Esri UC Student Assistantship: 60 New Friends and Great Networking

By Guest Blogger Amelia, 2012 Student Assistant

“What am I going to do next summer?” Last winter break, I pondered the question. I had just graduated from Louisiana State University with a bachelor’s degree in geography and was gearing up to start my first semester of graduate school in the spring. While I have a research assistantship at the Louisiana Geographic Information Center, I wanted to spend part of my summer gaining exposure as an intern. I looked into a summer internship at Esri, but didn’t want to be away from my assistantship for the entire summer. The User Conference Student Assistantship program appeared to be the perfect fit. It would allow me to obtain a first-hand account of Esri’s company culture and to gain valuable exposure in only one week.

I will now fast forward from December to July and “press play” when I arrived in San Diego. Expecting to be put straight to work that afternoon, I was pleasantly surprised when our supervisors told us that we were free to go explore (many of us were geographers, after all). I really hit it off with one of my roommates, so we decided to take the ferry to Coronado Beach. Even though we were both tired from having traveled all morning, we were brought back to life with the salty sea breeze and the cool water on our toes. We made plans to go back later in the week, but never had the chance since the conference kept us so busy.

Even though we worked all day, the weekend flew. Many of us had registration duties, so we would either hand out tote bags or check attendee IDs and give them their badges. Seeing the IDs from such a wide-range of places—and hearing all the different languages and accents—made this task exciting. Regardless of the large number of attendees, the Esri team kept registration moving like clockwork. Our supervisors always made sure that we knew where, when, and how to do our tasks.    

Amelia (center) with fellow assistants Regan and Robert


During the week, student assistants only work half of the day. Prior to the conference, we had the chance to choose whether we wanted to work the AM or PM shift and the duty we would be assigned. I chose to work in the store and at workshops. If there was a lull, I was able to talk to my supervisors about daily life at Esri. From this inside perspective I heard nothing but great reviews. The overarching theme was that there is a genuinely reciprocal relationship between the company and employee. Because Esri invests so much into the well-being of its employees, its employees invest in the culture of the company.

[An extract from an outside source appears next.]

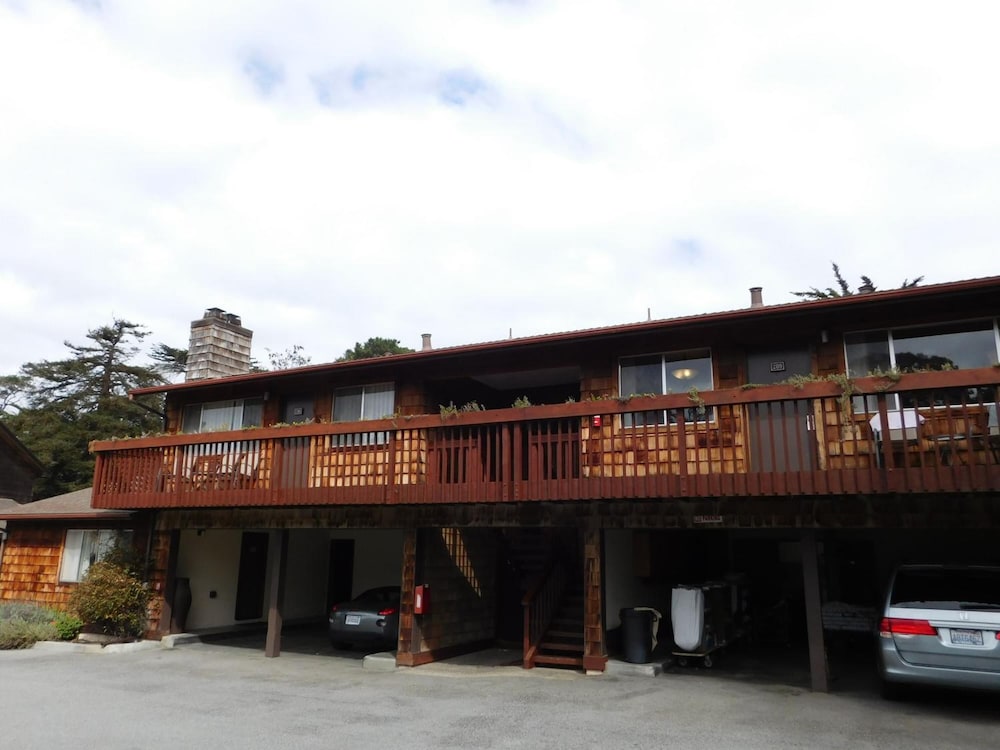Pacific Gardens Inn - photo 39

Whenever I had time off, I tried to take advantage of it. Monday afternoon I was able to catch the end of the plenary session. The innovative thinking was mind opening. For instance, Stephen Ervin, the winner of the Lifetime Achievement Award, presented an idea (that I have been chewing on since the conference) about envisioning our lives spatially. Dr. Ervin imagines his life as a space-filling curve, which is “a recursive subdivision of the line or space where each new node adds to the complexity and the length or the volume, but doesn’t move the beginning or end points.” During his presentation, he showed a group picture from a graphics conference hosted by the Harvard Laboratory for Computer Graphics and Spatial Analysis in the early days of GIS. It reminded me of Hemingway’s A Moveable Feast. Instead of luminaries in Paris, however, they were in Cambridge.

During the rest of the time I had off, I went to sessions and networked. A word of caution to future assistants: it is very easy to get distracted at the conference. Before you even get to San Diego, choose a couple of sessions that appeal to your core interests. Indeed, one of the most surprising parts of the conference was that I made more connections with people from Louisiana in San Diego than I did in Baton Rouge!

After the full days at the convention center, the assistants got a chance to play. Some nights we stayed at the hotel, and other nights we went out on the town. Since our hotel was so close to the Gaslamp Quarter, we were able to walk everywhere. One of my favorite spots was Vin De Syrah. Its décor made me feel like I was in a scene from Alice in Wonderland. Because there are so many people in town for the conference, you are almost guaranteed to overhear conversations revolving around GIS in every establishment. The Gaslamp Quarter was transformed into a geo-geek paradise!

As you can tell, my week in San Diego was action packed. I took a lot away from the experience: 60 new friends, ideas about how to improve workflows at my current job and in my own research, great career advice from members of the Esri team, many new connections … the list could go on and on. Because of one of the new connections I made at LSU, I might even have the opportunity to return to the UC next year! In the meantime, I am enthusiastic about sharing my UC experience with other students in hopes that they will apply to the program and create their own experience. Envisioning my life as a space-filling curve, the assistantship has created a new node. I venture to say that it will do the same for those that follow in my path.